§ Your task
Take the whole listing and reproduce it exactly, pictures excepted.

§ Given information
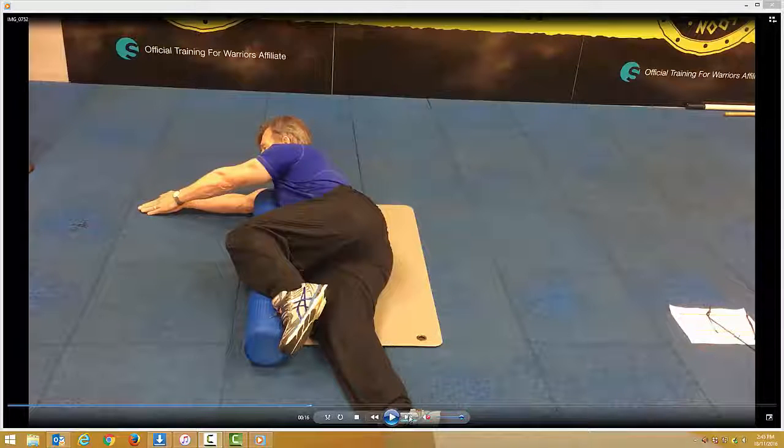Roll a T-spine circle. Assume the position as you can see here, with one leg straight, the other leg over a roller, and try to get the knee in line with the hips. Place one hand over the other hand.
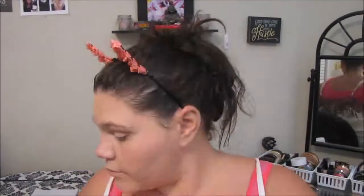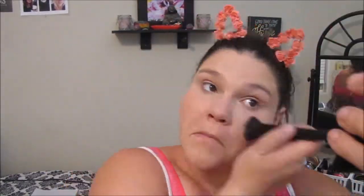Once I've got my concealer all the way set, I'm going to grab the mattifying powder and the powder blurring brush and put that all over my face to set my foundation. Then just for extra measure, I grab the finishing powder and the Beautifully Precise Powder Brush to get everything really set and also to powder my neck.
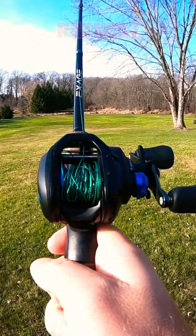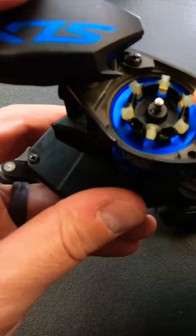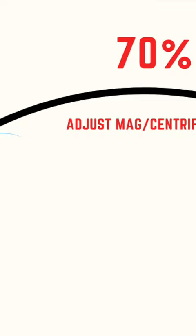A lot of anglers don't know that their baitcaster has two built-in braking systems that help with backlash. They either have centrifugal brakes or magnetic brakes, and these are designed to help slow down your spool in the first 70% of your cast.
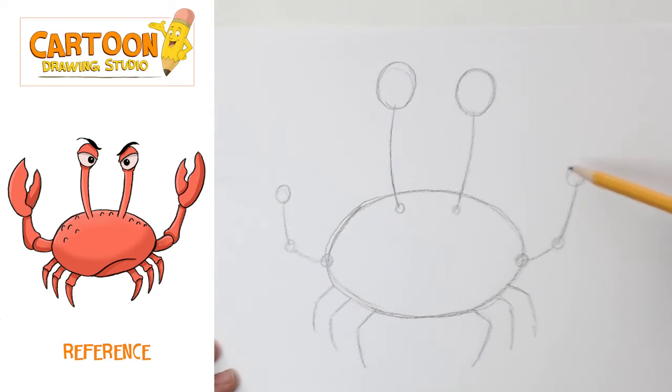We can also add the claw. The claw is gonna be this arc, and then on the bottom side it's gonna have this curve — so an arc and a curve. And then we're gonna have a smaller one on this side: arc and then the curve.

§ Output
Roll a T-spine circle. Assume the position as you can see here, with one leg straight, the other leg over a roller, and try to get the knee in line with the hips. Place one hand over the other hand.
Once I've got my concealer all the way set, I'm going to grab the mattifying powder and the powder blurring brush and put that all over my face to set my foundation. Then just for extra measure, I grab the finishing powder and the Beautifully Precise Powder Brush to get everything really set and also to powder my neck.
A lot of anglers don't know that their baitcaster has two built-in braking systems that help with backlash. They either have centrifugal brakes or magnetic brakes, and these are designed to help slow down your spool in the first 70% of your cast.
We can also add the claw. The claw is gonna be this arc, and then on the bottom side it's gonna have this curve — so an arc and a curve. And then we're gonna have a smaller one on this side: arc and then the curve.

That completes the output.